Collected data entries
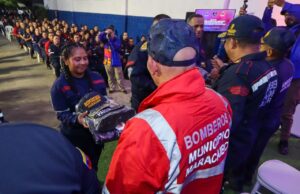 Bomberos de Maracaibo recibieron ascensos, reconocimientos y dotación de uniformes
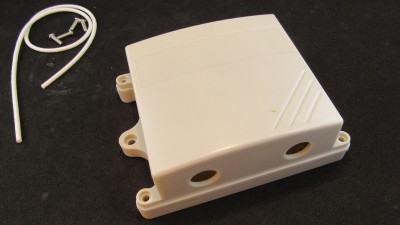 Пластиковий корпус 110*85*42мм з отворами (18629)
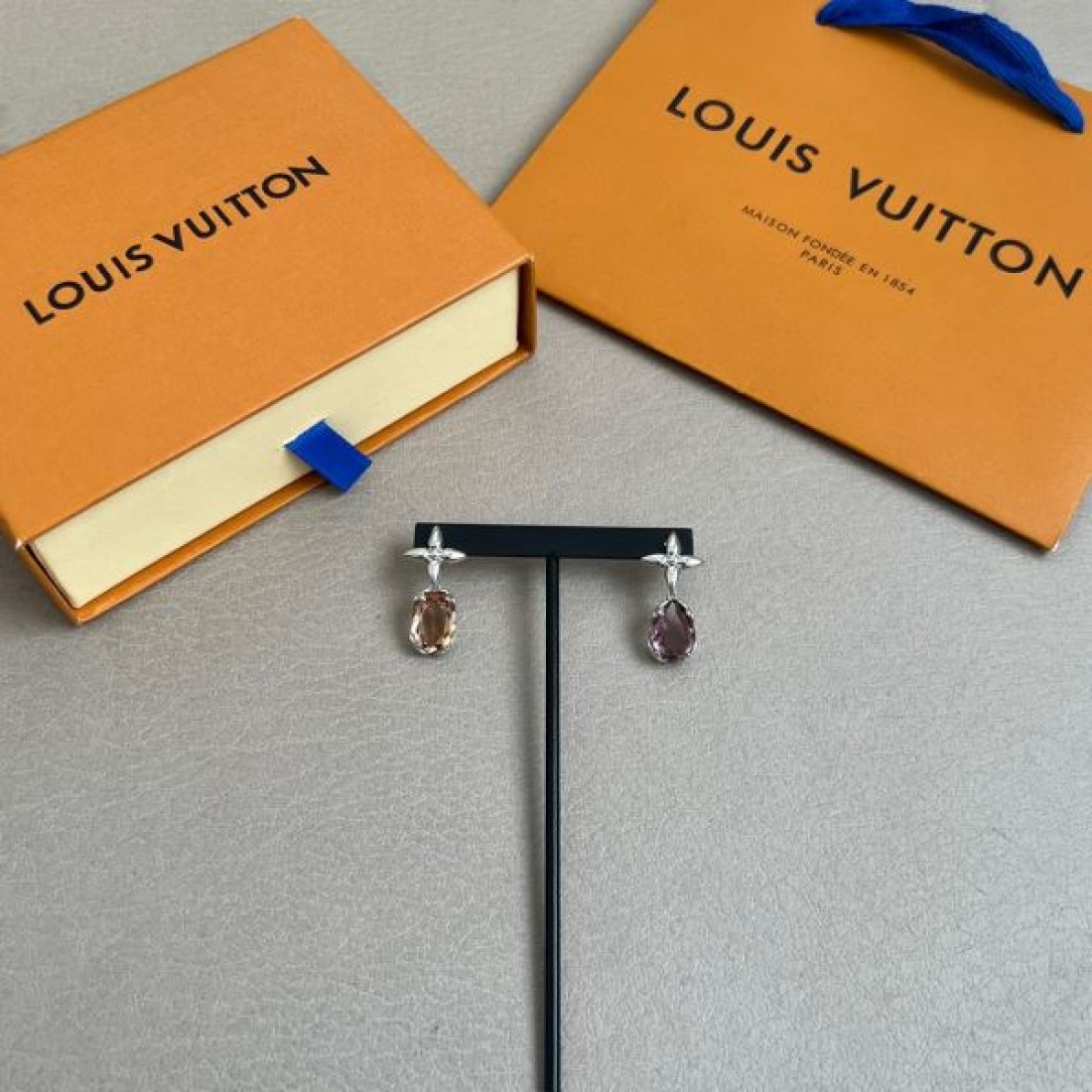 ルイヴィトン コピー イヤリング LOUIS VUITTON 上質で洗練されたデザイン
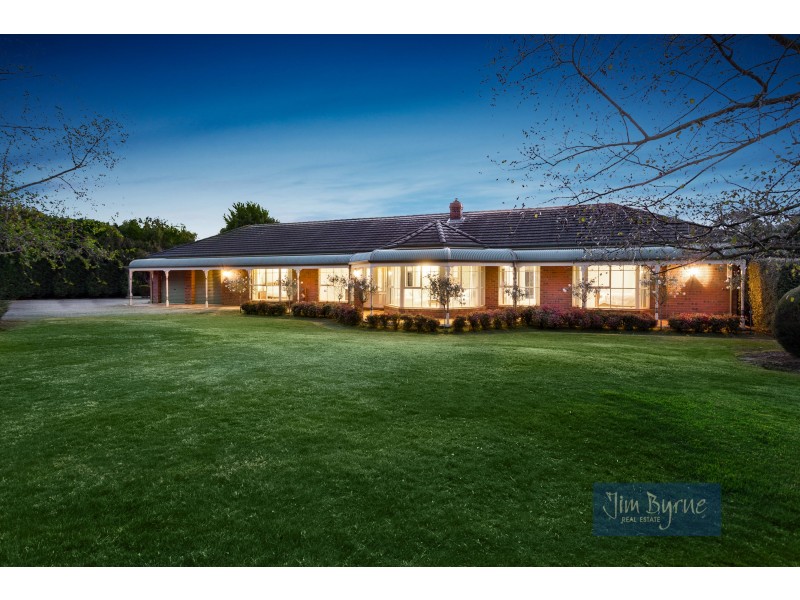 14 PINEHILL DRIVE, Pakenham VIC 3810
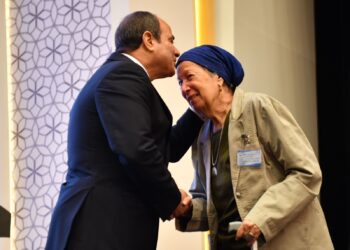 Sisi honours wives of heroes of October War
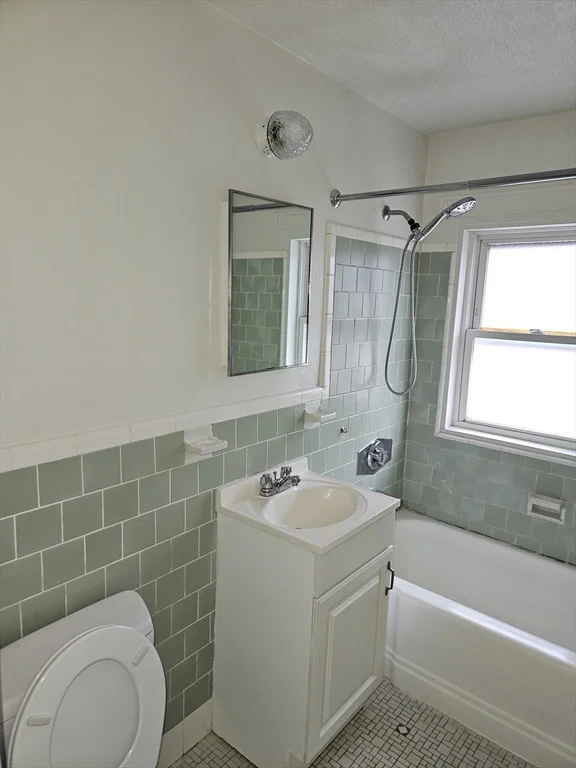 2 bed, 1 bath apartment for rent at 24 Aldrich Unit 2, Watertown — photo 9 of 12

● **Task prompt**
Your answer must be exactly the lines from the one with "Пластиковий корпус 110*85*42мм" through the final line of the data, with no pictures in it.

● **Answer to the problem**
 Пластиковий корпус 110*85*42мм з отворами (18629)
 ルイヴィトン コピー イヤリング LOUIS VUITTON 上質で洗練されたデザイン
 14 PINEHILL DRIVE, Pakenham VIC 3810
 Sisi honours wives of heroes of October War
 2 bed, 1 bath apartment for rent at 24 Aldrich Unit 2, Watertown — photo 9 of 12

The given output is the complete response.